Aspiring world leaders frequently summon star power to help them on the campaign trail. As we’ve seen during the current presidential primaries season, certain stars’ endorsements can critically capture the mood of individual campaigns. For example, Obama has Oprah (unity, sensitivity); Huckabee has Chuck Norris (strength, values); Hillary has Bill (experience, stability); McCain has Curt Schilling (winner, sacrifice); and Edwards has Desperate Housewives’ James Denton (soon to be off-the-air).
But presidential candidates are hardly alone in using stars to further their aspirations. This week, Venezuelan President Hugo Chavez’s bid for increased power enjoyed a star-studded bump, when British supermodel Naomi Campbell visited Chavez in Caracas, calling him a “rebel angel” who is unafraid to speak his mind.
To be fair, Campbell’s rendezvous with Chavez wasn’t technically an endorsement. After all, Campbell interviewed Chavez in her capacity as contributing editor for the British edition of GQ. Her official reason for accompanying Chavez around the Venezuelan capital was thus journalistic, not political.
Still, it’s hard to take Campbell’s career as a journalist seriously. For starters, Campbell is probably the first reporter to allow her publication to post nude photos of herself on its website. But more importantly, her interview with Chavez is a total puff piece: Campbell said she “went to interview Hugo Chavez the man,” and that she “didn’t want to judge Chavez, or probe him for his political views.” Given this facile approach, it’s no wonder that Campbell viewed Chavez as posing no threat to democracy, praising him as “fearless, but not threatening or unreasonable.”
How does this help Hugo Chavez’s campaign for world power? For the most part, Campbell’s interview with Chavez serves the same purpose as Oprah’s endorsement of Obama—it gives him immediate access to a new constituency.
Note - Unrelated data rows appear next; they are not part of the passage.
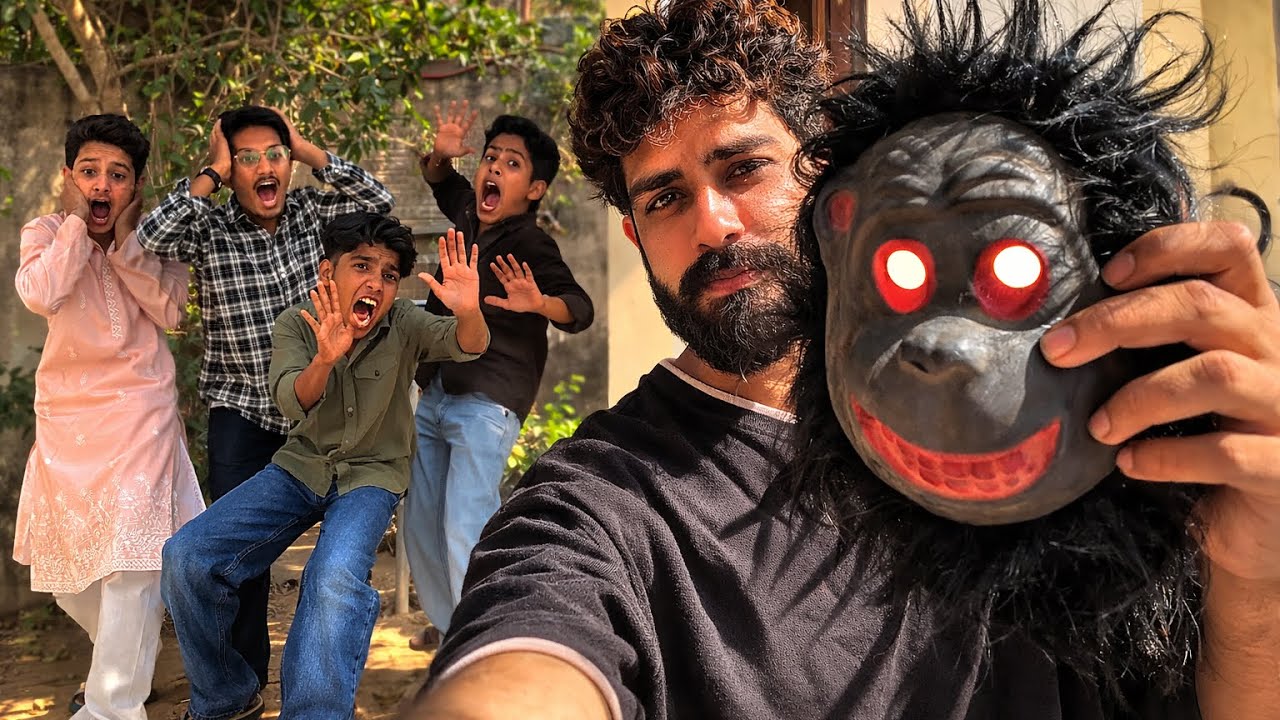 Barat Se Pehle Bachon Ko Dara Diya 😱 | Horror Prank in Village 😂#vlog #funny #villagelife 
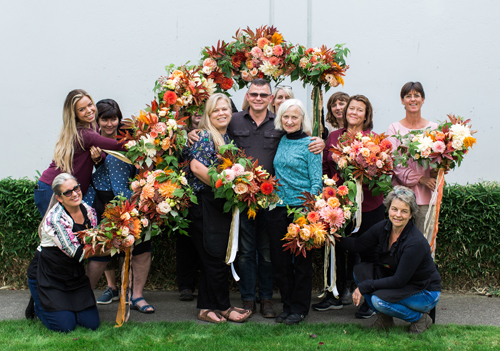 Floral Design Workshop with Francoise Weeks, Alicia Schwede, and Miles Johnson in Seattle Washington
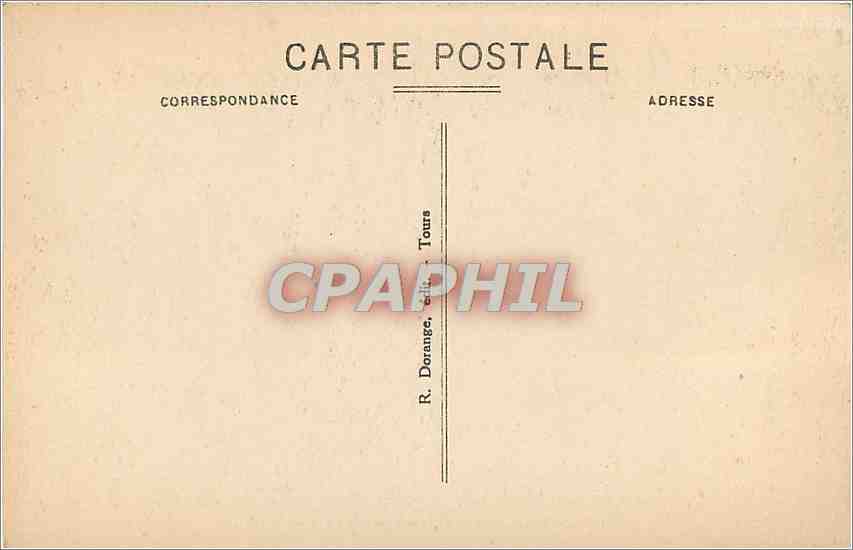 CPA Monts Iet L chateau de cande S O — Back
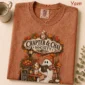 cozy autumn book lover ghost shirt t-shirt product photo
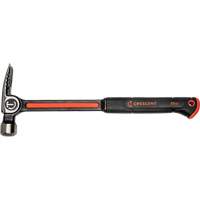 Marteau de charpente en acier avec face meul&eacute;e, 22 oz, Prise en Acier plein, 16" lo FMT Sales Ltd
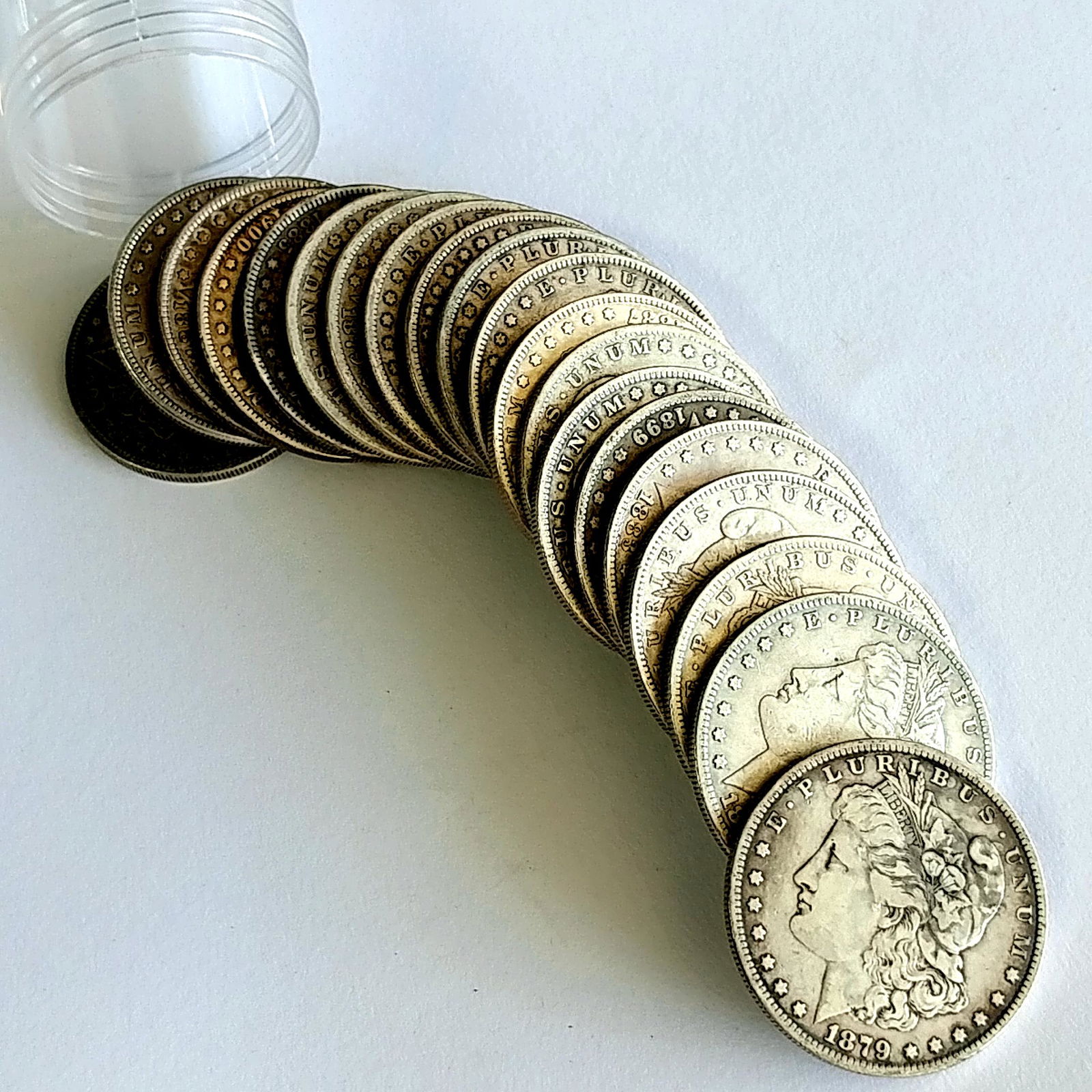 20 Coin Roll VF+ 1878-1904 (Pre-21) Morgan Dollars (1 of 4)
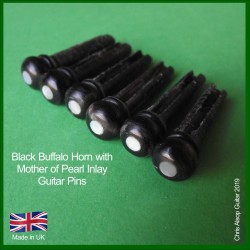 Buffalo Horn with MoP Inlay Guitar Bridge Pins. 5.7mm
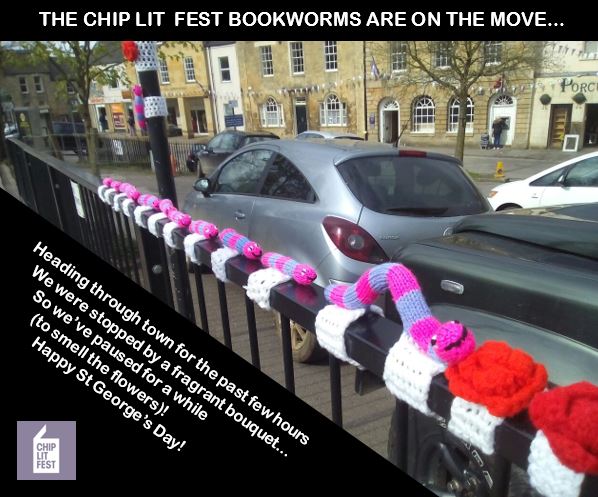 It's all coming up roses for the #ChipLitFest #bookworms this #StGeorgesDay!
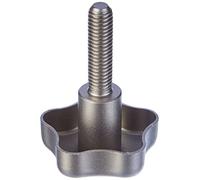 Ganter Normelemente | Pomos en estrella de con espárrago roscado - GN 5334 | Acero inoxidable con mango de estrella | GN 5334-40-M8-30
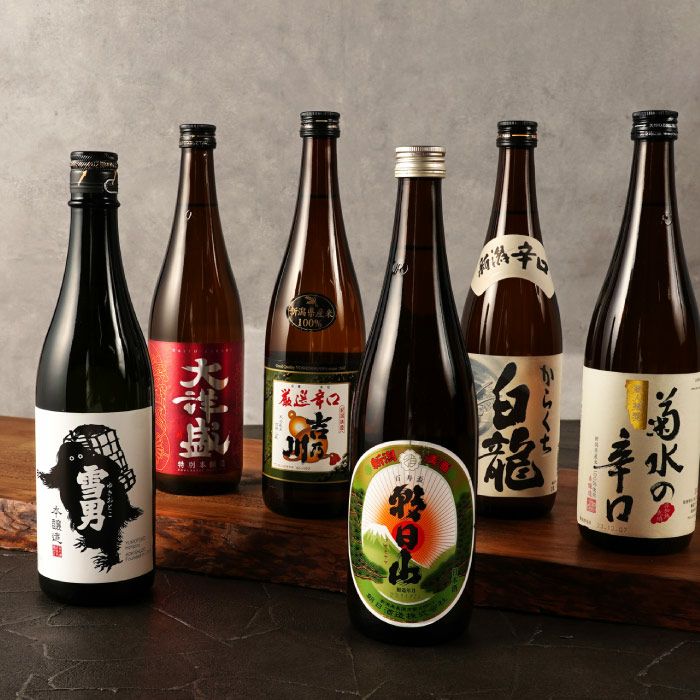 新潟県産 日本酒飲み比べ 6本セット｜ギフトショップ「FLEGRE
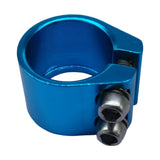 Maxbell Bicycle Seat Post Clamp Easy Installation 1.13 inch Road Bike Seatpost Clamp Blue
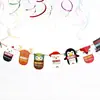 Novos Suprimentos de Decoração de Natal Bandeiras de Desenho Animado e Bandeiras Coloridas Decoração de Cena de Atmosfera Natalina Bandeiras de Papel Penduradas Atacado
Thanks to Campbell, young British males can now appreciate Chavez’s opinions on fashion and pop music, and sympathize with his view that Camilla is “not as attractive” as Princess Diana. Suddenly, Hugo Chavez—the Venezuelan ruler suppressing freedoms at home and extending an arm towards Iran abroad—is humanized. Indeed, GQ’s readers will wonder, how harmful can a guy who follows the Spice Girls’ reunion tour really be?
Chavez deserves credit for orchestrating this public diplomacy ploy. By challenging a supermodel to feel his pectorals, the Venezuelan leader made himself seem likeable to a demographic that was previously inaccessible to him. Meanwhile, Naomi Campbell has joined the ranks of Jane Fonda as the latest pretty face to use her star power for the wrong cause during dangerous times.